Koalisi Buruh Sawit: Wujudkan Perlindungan Buruh Perkebunan Kelapa Sawit Dari Risiko Penggunaan Bahan Agrokimia, Buruh perkebunan kelapa sawit bekerja dalam kondisi rentan, tanpa jaminan perlindungan kesehatan dan keselamatan kerja yang memadai, kata ismet
Jakarta, Indonesia jurnalis – 19 Februari 2025, Koalisi Buruh Sawit (KBS) meminta pemerintah Indonesia untuk menata sistem perburuhan yang memposisikan buruh berada dalam kondisi hidup dan kondisi kerja yang layak. Hal itu disampaikan Ismet Inoni pada kegiatan Dialog Nasional Multi Pihak Buruh Sawit.
Dialog Nasional Multi Pihak ini membahas Dampak Penggunaan Bahan Agrokimia hasil penelitian IPOWU (Mondiaal FNV, KBS, GAWU Ghana dan CUT Kolombia) bersama dengan Profundo. Hadir sebagai narasumber dalam Dialog Nasional Multi Pihak ini antara lain perwakilan Kementerian Ketenagakerjaan, Serikat Buruh, organisasi Pengusaha Sawit, Ahli K3 dan Akademisi.

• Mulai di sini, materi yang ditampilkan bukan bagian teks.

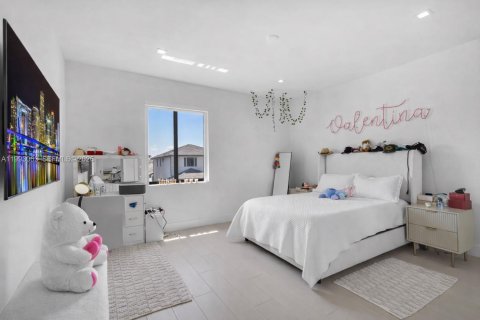 Villa ou maison à vendre à Doral, Floride: 4 chambres, 319.21 m2 № 2055898 - photo 18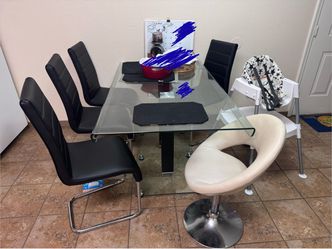 Glass dinning table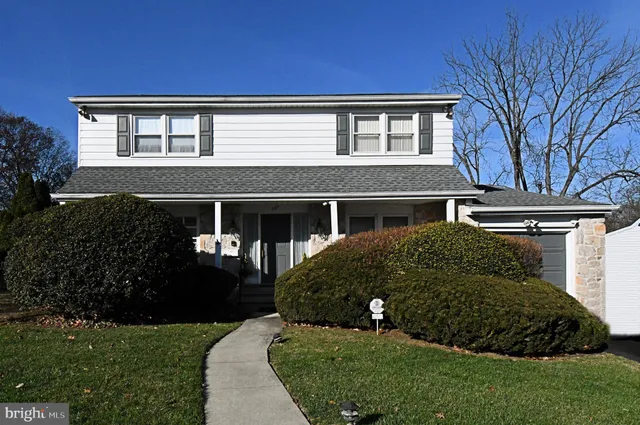 $499,900 | 227 Barclay Circle, Cheltenham, PA 19012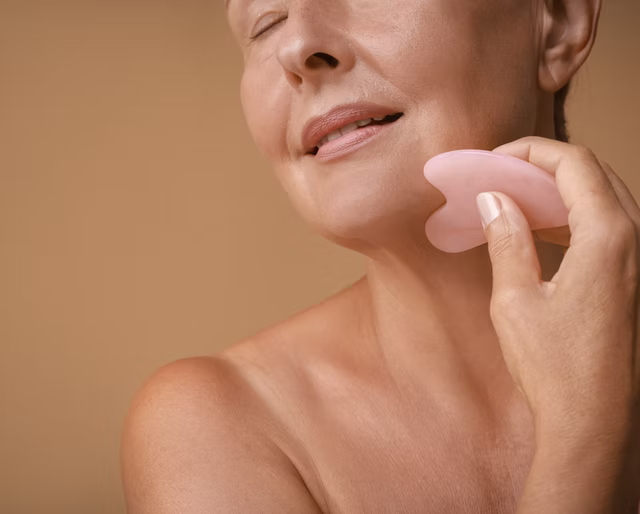 Rose Quartz Gua Sha - Rosie & Joes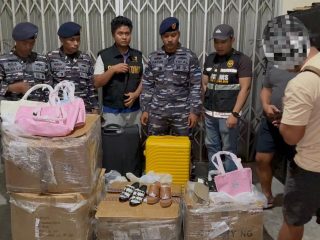 Sinergi TNI AL–Bea Cukai Nunukan, Penyelundupan Barang Branded Asal Malaysia Digagalkan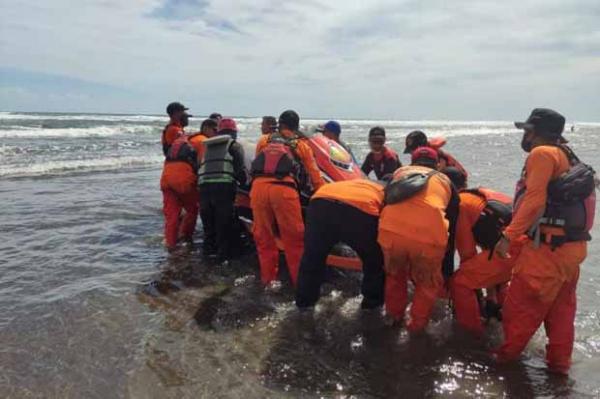 Sar Parangtritis Upaya pencarian SAR gabungan terhadap korban tenggelam di Pantai Parangtritis, Bantul, Senin (3/1/2021). (Foto : Humas Basarnas)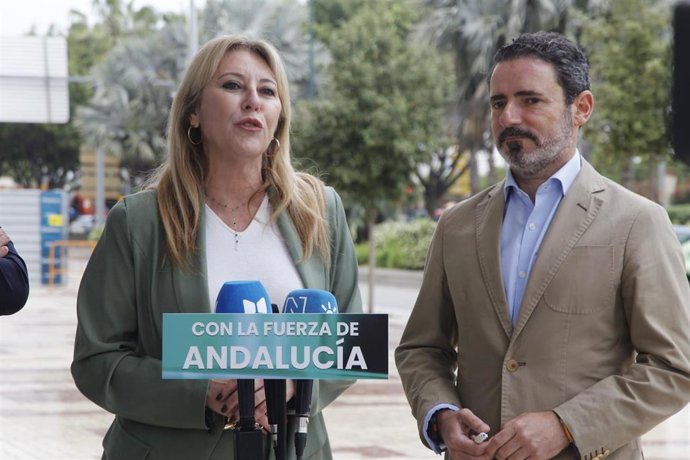El secretario general del PP de Málaga y candidato a las elecciones autonómicas, José Ramón Carmona, junto a la también candidata Carolina España
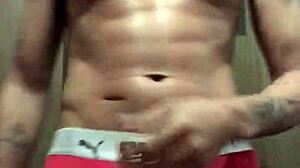 gosta de ver esse malandro pauzudo cavalo exibindo tatuado na massagem solo?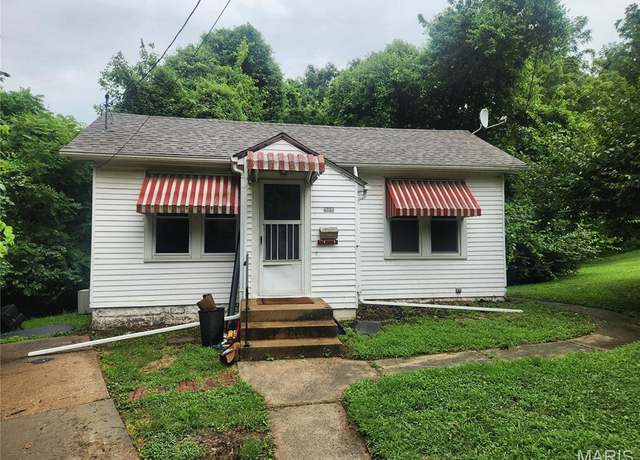 Property at 324 Liberty, Edwardsville, IL 62025, 2 beds, 1 bath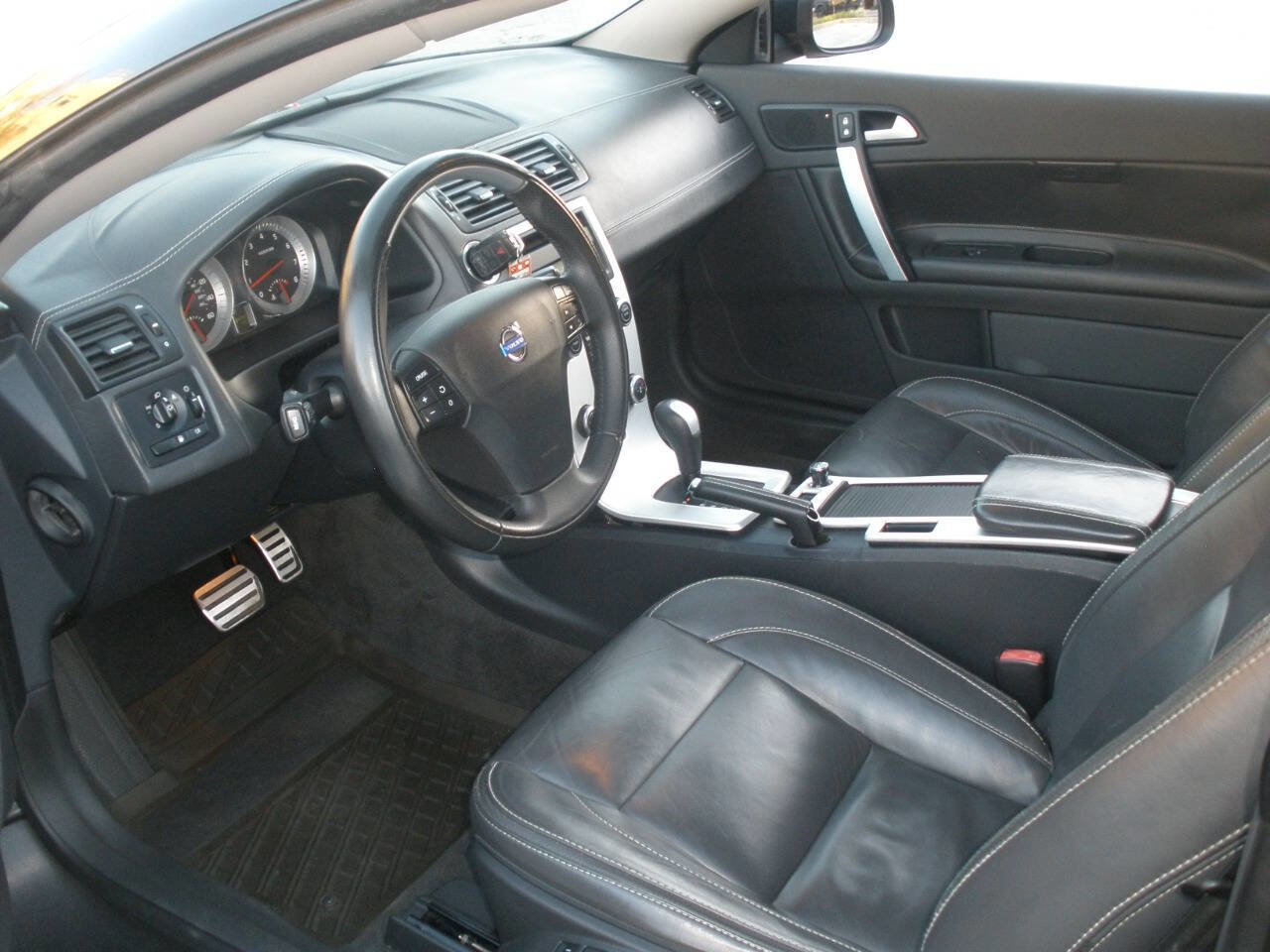 Used 2012 Volvo C70 T5 image 30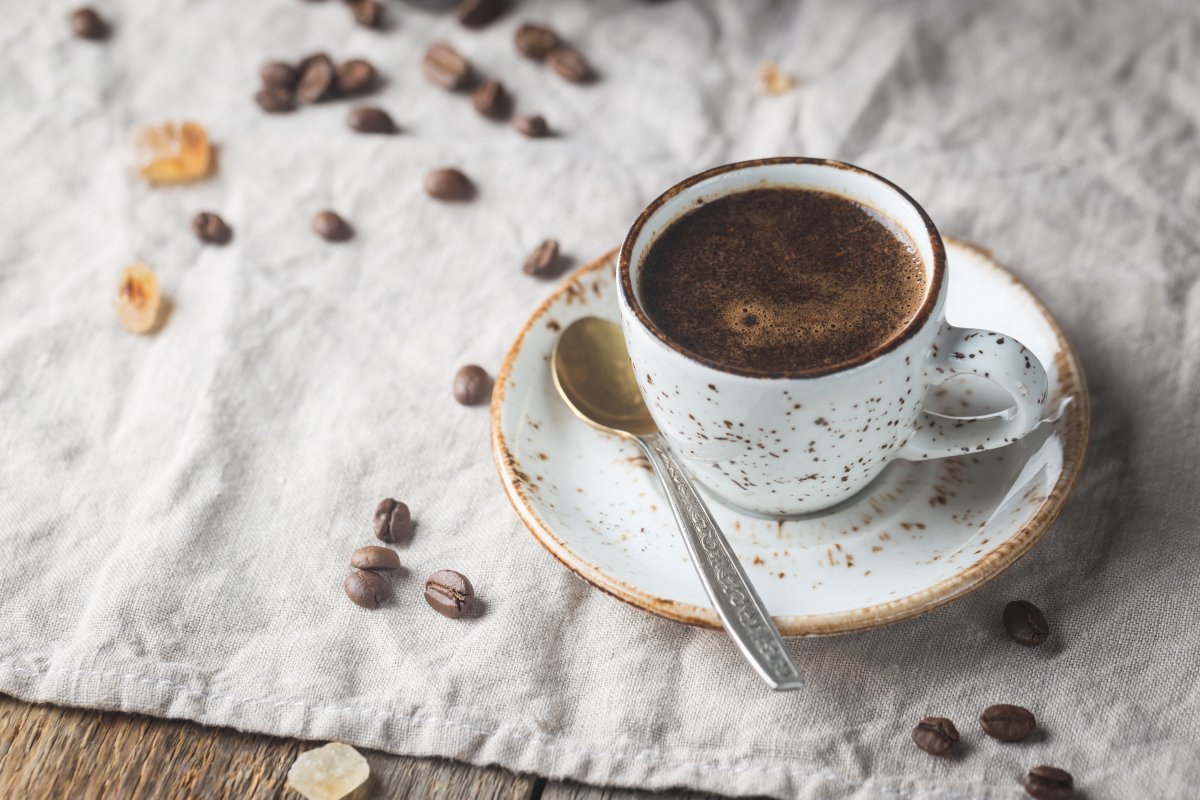 Öğle yemeğinden sonra kahve içmek iyi mi kötü mü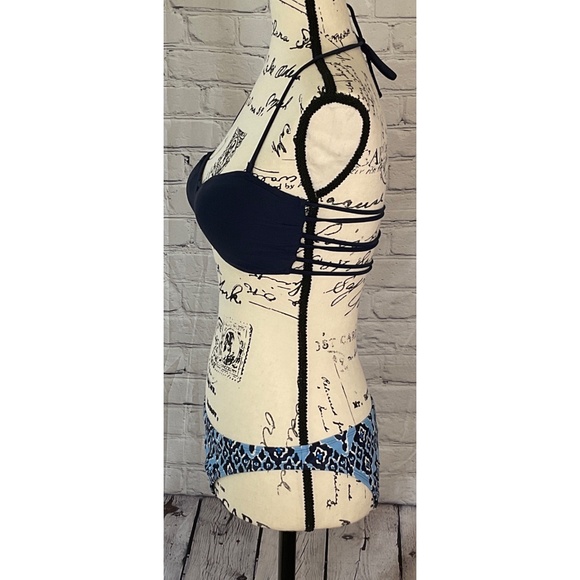 Aerie Junior’s Geo Print Blue Bikini Set (Size L) - Picture 3 of 8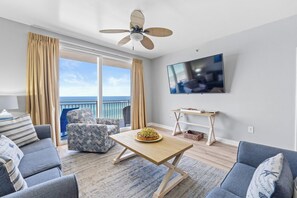 Living Area with Gulf Views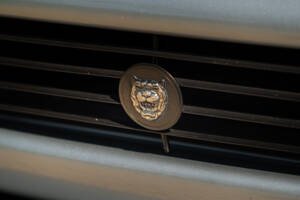 Image 16/50 of Jaguar XJ 220 (1993)
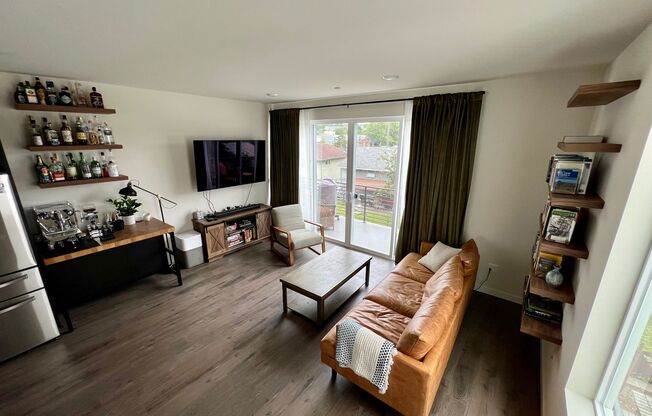 Immaculate 3 Bed 2 Bath Seattle Townhome @ An Incredible Location!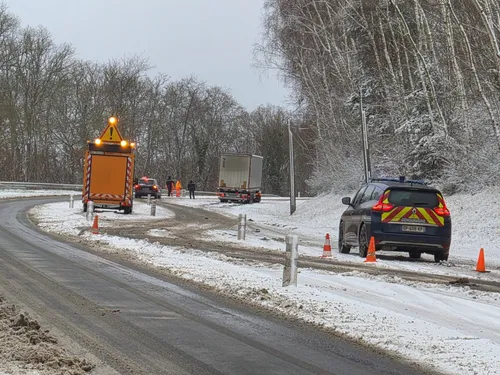 Neige : Camion en travers, coupure d'électricité, et trains bloqués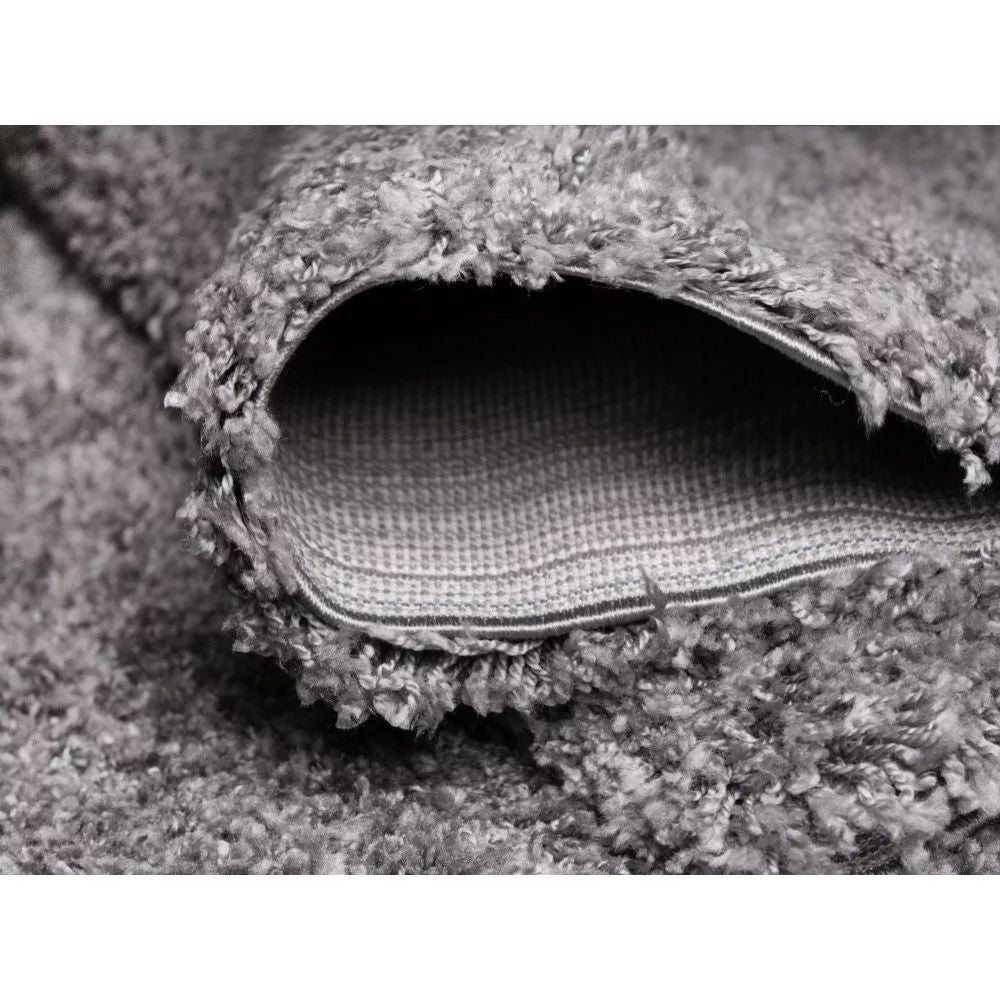 CarpetlyHome sötétszürke, puha, shaggy szőnyeg, 100% polipropilén, 30 mm szálhossz.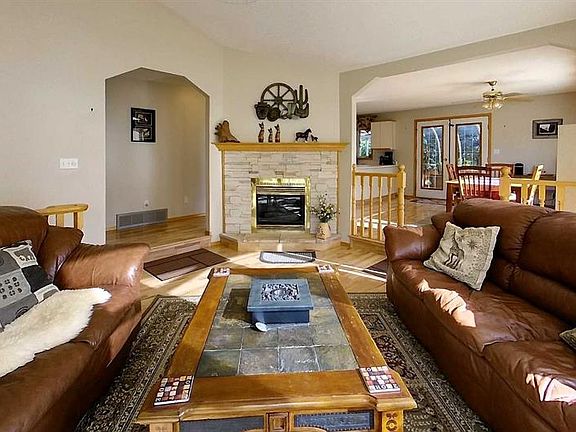 4th image of 53419A W Range Road 161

Penelitian mengenai dampak dan perlindungan buruh dari penggunaan bahan agro kimia dilakukan di perkebunan sawit di Kolombia, Ghana dan Indonesia. Dari penelitian ini diketahui sejumlah fakta risiko penggunaan bahan agrokimia terhadap buruh perkebunan kelapa sawit, minimnya perlindungan buruh, tantangan dan rekomendasi berkenaan perlindungan pekerja. Penelitian ini diharapkan berkontribusi pada dialog sosial yang bermanfaat antara serikat buruh dengan perusahaan perkebunan sawit dan pemangku kepentingan lainnya.
“Buruh perkebunan kelapa sawit bekerja dalam kondisi rentan, tanpa jaminan perlindungan kesehatan dan keselamatan kerja yang memadai terutama dari risiko terpapar bahan agrokimia. Koalisi Buruh Sawit melihat kerentanan buruh perkebunan kelapa sawit sudah berlangsung lama, bahkan terjadi di perkebunan kelapa sawit yang mengklaim memiliki sertifikat keberlanjutan”, kata Ismet Inoni, Koordinator Koalisi Buruh Sawit.
Yublina Oematan, ketua FSBKS menyatakan dialog ini diharapkan menjadi awal perbaikan serius kondisi K3 di perkebunan kelapa sawit. “Buruh perempuan di perkebunan kelapa sawit sangat rentan terpapar bahan agro kimia. Mayoritas buruh perempuan dipekerjakan di bagian penyemprotan dan pemupukan tanpa perlindungan yang memadai dari risiko terpapar bahan agrokimia.
Kami mengkhawatirkan keselamatan dan kesehatan kerja kami karena APD yang diberikan tidak layak pakai, perusahaan juga tidak menyediakan fasilitas pencucian APD di tempat kerja, kami sulit mengakses fasilitas sanitasi, kami juga sulit mengakses hasil pemeriksaan kesehatan yang dilakukan perusahaan. Pemerintah harus mengembangkan dan menerapkan sistem pemantauan kesehatan yang kuat untuk melacak gejala dan kondisi kesehatan buruh”, kata Yublina Oematan.
Herwin Nasution, ketua umum Federasi SERBUNDO menyatakan perlindungan buruh dari risiko terpapar bahan agrokimia tidak hanya menjadi tanggungjawab pemerintah, tetapi juga menjadi tanggungjawab pembeli minyak sawit. “Pembeli perlu mengembangkan dan menegakkan standar keberlanjutan dan kesehatan yang ketat yang harus dipatuhi oleh pemasok mengenai penggunaan bahan kimia pertanian yang aman. Selain itu, pembeli minyak sawit harus menerapkan audit rutin terhadap pemasok untuk menilai kepatuhan mereka terhadap standar dan regulasi keselamatan kerja”, kata Herwin Nasution.